We’ve heard the metaphor in politics, invoking “spring,” the network herd of media mimics murmuring thoughtlessly the word “spring,” repeating it again and again as if it were true, misapplying this glorious time of year to mid-East street protests, armed conflict, American air strikes, AK-47s fired in the air, blood leaking through the dirt, improvised bombs, cries of pain, and needless death.
Such dystrophic destructive events cannot be compared — however you may stretch and pull a poetic metaphor — with spring’s awakening of that renewable life dormant through the cold and hard seasons until the moment when the sweet scent drifts in the air anew.
Of course, much of our public dialogue is imprecise, unfocused and misleading if not a lying whopper to lull the mind to sleep or to misdirect our attention from what really matters to what we can fear or hate. It is this sickness of mind we must cure.
When I was young, I played a Seabee in South Pacific, and heard over and over in rehearsal the lyric how you have to be taught, carefully taught, how to hate and fear.
Much of our public dialogue is about hate and fear.
Spring is not about hate and fear but we have so much hate and distaste in our society for people we don’t know and things we don’t experience and perhaps never will and that truly affect us not at all.
Renewal is a life-giving, vitalizing act.
When I write or speak about matters, I confess it’s because I have the very clear impression that we have to shake up the thoughtless rule of thumb world and because my sense of things as they are implies a better order.
It’s because I remember springs when the scent of success meant accomplishing something vitalizing, not putting down or diminishing someone or something else. It’s not an impulse to “show them.” It’s an act for its own goodness.

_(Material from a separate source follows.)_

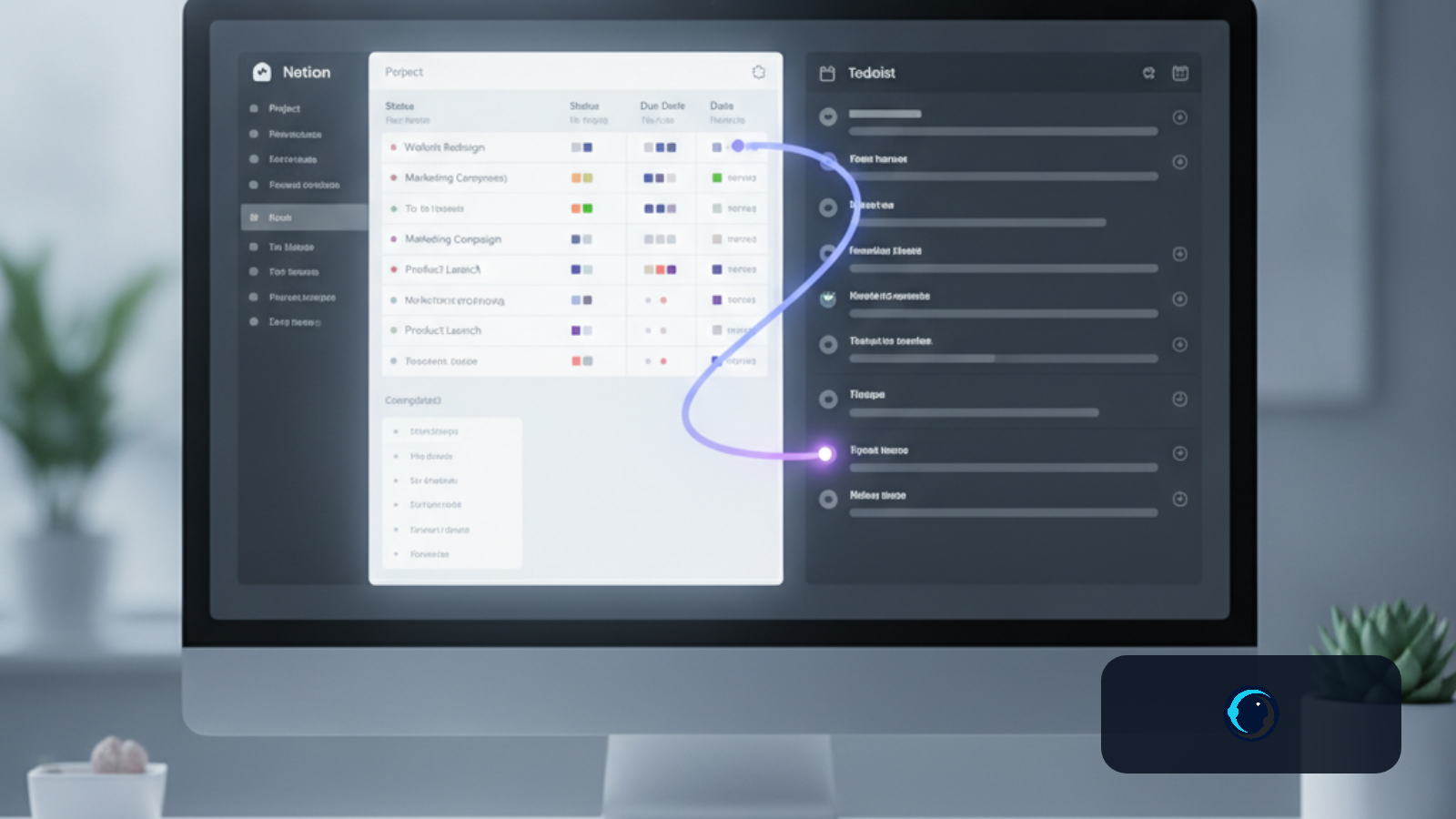 Realtime Notion and Todoist Two-Way Sync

I like to write and re-tell what I call “happy stories,” snapshots of what some might call “ordinary” people doing things that even their friends and next door neighbors don’t know about.

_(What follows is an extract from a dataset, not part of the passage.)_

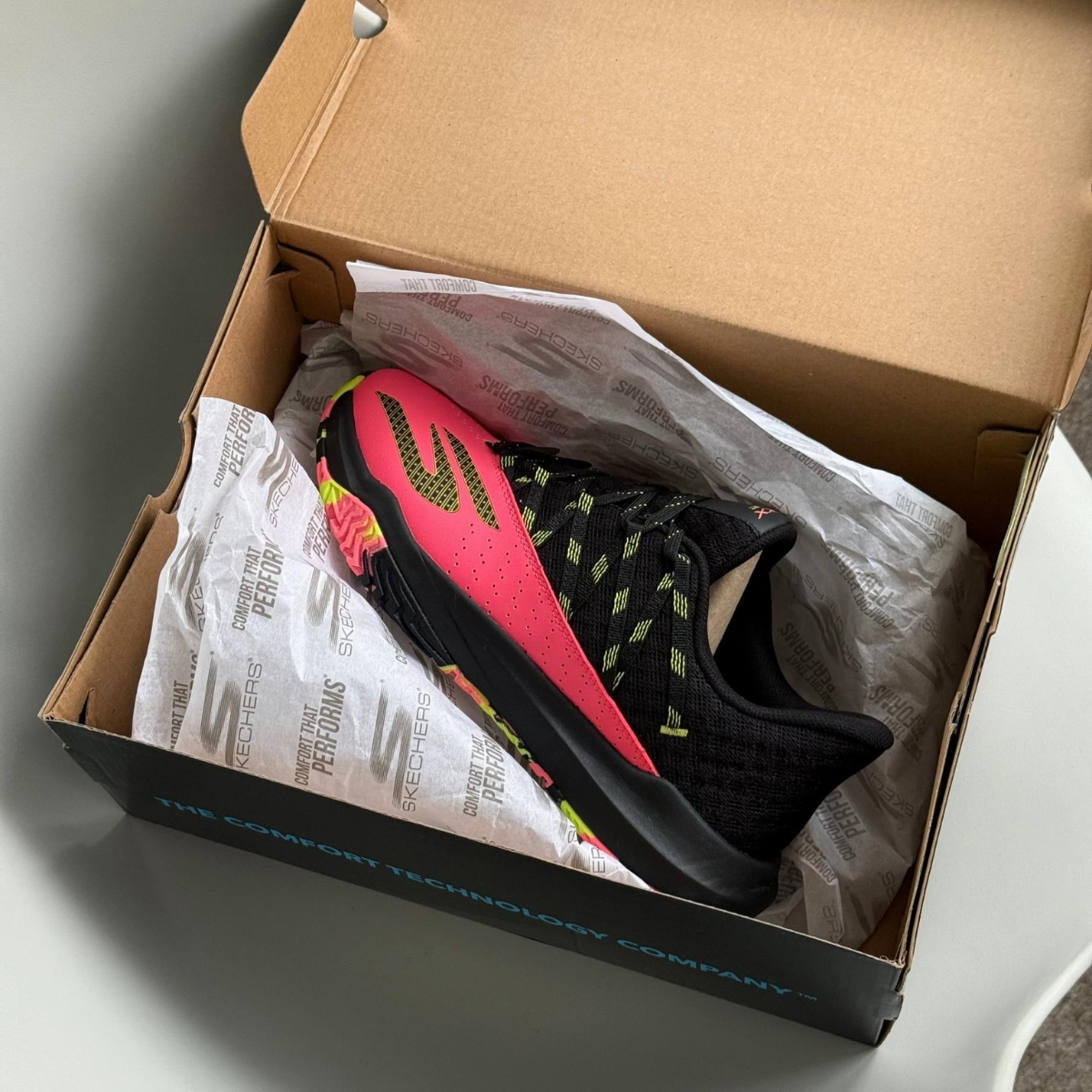 Alternative view of Giày Skechers Viper Court Rally 'Corail Multi' 246110C-CRMT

These are individuals who are uncelebrated, affirming life, teaching children, each other, biking, baking, helping a motorist, making soap, healing, creating art, gardening, sculpting, building a walkway, acting, protecting historical treasures, hitting the heavy bag, milking a goat, keeping the peace, dancing, raising livestock, farming, singing, hunting, strumming a guitar, riding a horse, knitting, running, skating, writing poems and short stories (not even for publication), repairing themselves, climbing, making their own greeting cards, open-miking, lifting weights, doing things that they care about, that they want and need to get done.
But they don’t fit into the basic ten popular story categories we read or hear about almost exclusively on a daily basis – you know – murder, theft, sexual abuse, drugs, public misconduct, war, disaster, star trivia, incompetence, inaction. If we are what we eat, myself included, we are almost certainly what we read or hear and see and think about and, of course, we are finally what we do that is creative or wasteful with this short moment that we call a life.
A true spring is reviving a dormant life, giving a helping hand, uttering a kind word, doing something that’s difficult that makes a difference but also doing something for yourself.
This is the moment to resolve to make something better and to envelope others in the sense that this truly is the sweet scent of this glorious season.